Item 7. Material to Be Filed as Exhibits.
     Item 4 of the Schedule 13D is hereby supplemented by the following:
     99.4     Press release dated June 22, 2009 (filed herewith).

6


 

SIGNATURES
     After reasonable inquiry and to the best of my knowledge and belief, I certify that the information set forth in this Statement is true, complete and correct.
     Dated: June 22, 2009
         
  Fresnillo plc
 
 
  By:   /s/ Ing. Jaime Lomelín    
    Ing. Jaime Lomelín   
    Chief Executive Officer   
 
  Industrias Peñoles, S.A.B. de C.V.
 
 
  By:   /s/ Lic.
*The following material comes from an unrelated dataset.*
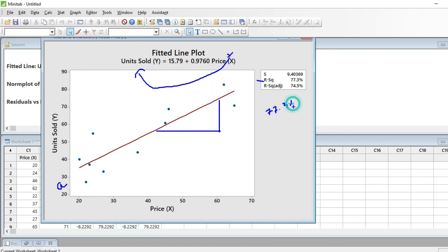R-squared is simply the square of R. We already calculated R as 0.87, and if you square that value you get 77.3%, which is R-squared. R-squared is the coefficient of determination — it tells us that 77% of the variation in units sold is explained by price, and the remaining 23% may come from other factors.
Leopoldo Alarcón    
    Lic. Leopoldo Alarcón   
    Chief Financial Officer   
 
  Minas Peñoles, S.A. de C.V.
 
 
  By:   /s/ Lic. Leopoldo Alarcón    
    Lic. Leopoldo Alarcón   
    Chief Financial Officer   
 
  Lic. Alberto Baillères

 
 
  /s/ Lic. Alberto Baillères    
     
     

 


 

         
EXHIBIT INDEX
     
99.1
  Joint Filing Statement (previously filed).
 
   
99.2
  Letter from Fresbal to Issuer dated December 1, 2008 (previously filed).
 
   
99.3
  Press release dated December 1, 2008 (previously filed).
 
   
99.4
  Press Release dated June 22, 2009 (filed herewith).